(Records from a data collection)
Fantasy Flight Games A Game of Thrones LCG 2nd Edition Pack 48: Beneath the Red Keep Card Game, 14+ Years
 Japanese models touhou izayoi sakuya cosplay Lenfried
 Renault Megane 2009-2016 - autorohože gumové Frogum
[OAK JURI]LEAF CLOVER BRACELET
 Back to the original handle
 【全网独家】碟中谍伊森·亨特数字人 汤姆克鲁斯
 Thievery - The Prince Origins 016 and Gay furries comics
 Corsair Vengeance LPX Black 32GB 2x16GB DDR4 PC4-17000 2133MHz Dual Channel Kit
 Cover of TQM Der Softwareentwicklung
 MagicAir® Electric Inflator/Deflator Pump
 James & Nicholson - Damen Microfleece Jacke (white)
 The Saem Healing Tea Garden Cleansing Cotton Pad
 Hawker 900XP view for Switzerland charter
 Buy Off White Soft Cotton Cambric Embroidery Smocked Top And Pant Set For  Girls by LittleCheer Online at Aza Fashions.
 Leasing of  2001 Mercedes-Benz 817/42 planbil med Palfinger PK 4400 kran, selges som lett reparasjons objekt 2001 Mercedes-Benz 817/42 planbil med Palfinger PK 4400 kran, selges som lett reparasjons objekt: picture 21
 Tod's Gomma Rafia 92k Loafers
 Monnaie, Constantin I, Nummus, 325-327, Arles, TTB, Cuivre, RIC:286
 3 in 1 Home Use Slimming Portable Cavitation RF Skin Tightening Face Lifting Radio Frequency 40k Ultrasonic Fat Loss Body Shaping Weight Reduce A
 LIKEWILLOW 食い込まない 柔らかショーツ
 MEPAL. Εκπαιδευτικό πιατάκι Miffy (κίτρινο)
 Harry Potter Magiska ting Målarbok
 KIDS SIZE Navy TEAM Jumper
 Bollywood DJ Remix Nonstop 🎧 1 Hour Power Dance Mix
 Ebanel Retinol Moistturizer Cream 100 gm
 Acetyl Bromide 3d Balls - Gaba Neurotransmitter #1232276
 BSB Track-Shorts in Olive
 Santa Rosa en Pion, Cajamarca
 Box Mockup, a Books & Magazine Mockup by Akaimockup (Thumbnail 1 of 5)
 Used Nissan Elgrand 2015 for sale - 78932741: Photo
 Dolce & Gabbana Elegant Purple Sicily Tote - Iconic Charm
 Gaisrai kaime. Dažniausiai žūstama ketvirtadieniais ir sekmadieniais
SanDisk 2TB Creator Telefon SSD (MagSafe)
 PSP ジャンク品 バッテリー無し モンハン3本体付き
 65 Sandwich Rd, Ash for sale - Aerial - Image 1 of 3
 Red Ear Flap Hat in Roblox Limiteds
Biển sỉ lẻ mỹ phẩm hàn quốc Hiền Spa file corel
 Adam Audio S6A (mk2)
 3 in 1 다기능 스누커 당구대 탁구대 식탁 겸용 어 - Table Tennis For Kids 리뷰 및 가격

**What you are asked to do:** Copy out every line from the data above that has "sale" in it.

**Response to this exercise:**
 Used Nissan Elgrand 2015 for sale - 78932741: Photo
 65 Sandwich Rd, Ash for sale - Aerial - Image 1 of 3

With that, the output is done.